For centuries this Roman gathering place was the center of public life. It was a place of triumphal processions, gladiatorial matches and statues commemorating the city's great men. It was also where elections and criminal trials were held, public speeches were made and business affairs were handled. It was not only the city's economic hub but also the center of the Republic, then later the heart of the mighty Roman Empire.
The site was originally marshy ground which was drained by the Tarquins (the city's famous fifth king named Lucius Tarquinius Priscus who ruled from 616 to 579 B.C.) using the Cloaca Maxima. The Cloca, built by the king, was one of the world's earliest sewage systems. Its purpose was to drain the local marshes and carry the growing city's waste to the river Tiber (which ran near the city). Remains of paving show that flooding and sediment eroding from the surrounding hills had been raising the level of the Roman forum for centuries - even to early Republican times. The final travertine paving, which can still be seen, dates from the reign of Augustus (27 B.C. to 14 A.D.).
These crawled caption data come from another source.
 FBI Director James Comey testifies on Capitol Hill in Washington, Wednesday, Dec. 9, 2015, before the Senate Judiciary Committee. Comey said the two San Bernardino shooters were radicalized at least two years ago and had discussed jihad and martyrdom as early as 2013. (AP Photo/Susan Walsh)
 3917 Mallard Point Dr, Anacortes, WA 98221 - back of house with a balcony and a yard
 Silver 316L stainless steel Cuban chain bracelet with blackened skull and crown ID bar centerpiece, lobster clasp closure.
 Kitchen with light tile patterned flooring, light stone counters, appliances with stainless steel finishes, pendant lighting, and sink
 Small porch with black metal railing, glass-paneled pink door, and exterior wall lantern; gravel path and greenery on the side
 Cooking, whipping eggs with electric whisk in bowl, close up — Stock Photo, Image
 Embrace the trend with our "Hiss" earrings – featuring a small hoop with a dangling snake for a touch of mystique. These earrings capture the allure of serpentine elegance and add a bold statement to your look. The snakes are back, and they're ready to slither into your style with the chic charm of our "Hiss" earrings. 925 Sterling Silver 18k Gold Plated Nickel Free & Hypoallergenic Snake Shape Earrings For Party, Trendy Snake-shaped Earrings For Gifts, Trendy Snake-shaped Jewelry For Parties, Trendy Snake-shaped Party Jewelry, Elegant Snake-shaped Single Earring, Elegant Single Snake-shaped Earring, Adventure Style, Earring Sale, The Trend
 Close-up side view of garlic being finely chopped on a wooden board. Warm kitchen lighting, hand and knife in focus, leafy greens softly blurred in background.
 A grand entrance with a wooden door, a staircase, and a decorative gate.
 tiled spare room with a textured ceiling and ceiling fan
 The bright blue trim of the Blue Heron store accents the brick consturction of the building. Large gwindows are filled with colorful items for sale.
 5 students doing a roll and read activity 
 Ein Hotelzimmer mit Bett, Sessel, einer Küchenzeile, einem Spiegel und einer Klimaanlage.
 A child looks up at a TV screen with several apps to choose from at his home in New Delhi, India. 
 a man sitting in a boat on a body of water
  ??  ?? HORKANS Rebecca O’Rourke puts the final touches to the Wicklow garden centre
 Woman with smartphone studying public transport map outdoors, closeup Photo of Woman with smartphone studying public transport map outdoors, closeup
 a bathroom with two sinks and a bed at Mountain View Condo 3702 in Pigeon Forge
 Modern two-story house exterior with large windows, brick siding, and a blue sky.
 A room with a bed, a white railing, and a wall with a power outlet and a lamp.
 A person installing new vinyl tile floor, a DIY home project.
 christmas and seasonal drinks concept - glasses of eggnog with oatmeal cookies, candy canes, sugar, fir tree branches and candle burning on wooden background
The most important, and many of the oldest, city structures were located on or near the plaza:
The former royal residence of the city's king
Statue dedicated to Julius Caesar
The temple of Vesta and surrounding buildings of the Vestal Virgins.
The temples of Castor and Pollux, Venus and Roma, Vespasian and Titus, Caesar, Romulus and Saturn. The shrine of Venus Cloacina was also near the plaza.
The Basilicas of Aemilia (179 B.C.), Julia (c. 49 B.C.) and Maxentius / Constantine (312 A.D.)
The Arches of Augustus (reigned 27 B.C. to 14 A.D.), Tiberius (14 to 37 A.D.), Titus (79 to 81 A.D.) and Septimius Severus (193 to 211 A.D.).
The Regia (a structure that originally served as the residence / main headquarters of Rome's kings. It later became the office of the Roman religion's high priest, known as the Pontifex Maximus.)
The Comitium (the Republic's assembly area)
The Senate meeting house (where also the Republican government itself began).
The Roman Forum also included the Umbilicus Urbi, the designated center of the city from which all distances in the Empire were measured. Each road coming out of this location was labeled with a master list of all destinations along its route. This configuration of the city's transportation system lent itself to the commonly used phrase (even to this day): All roads lead to Rome.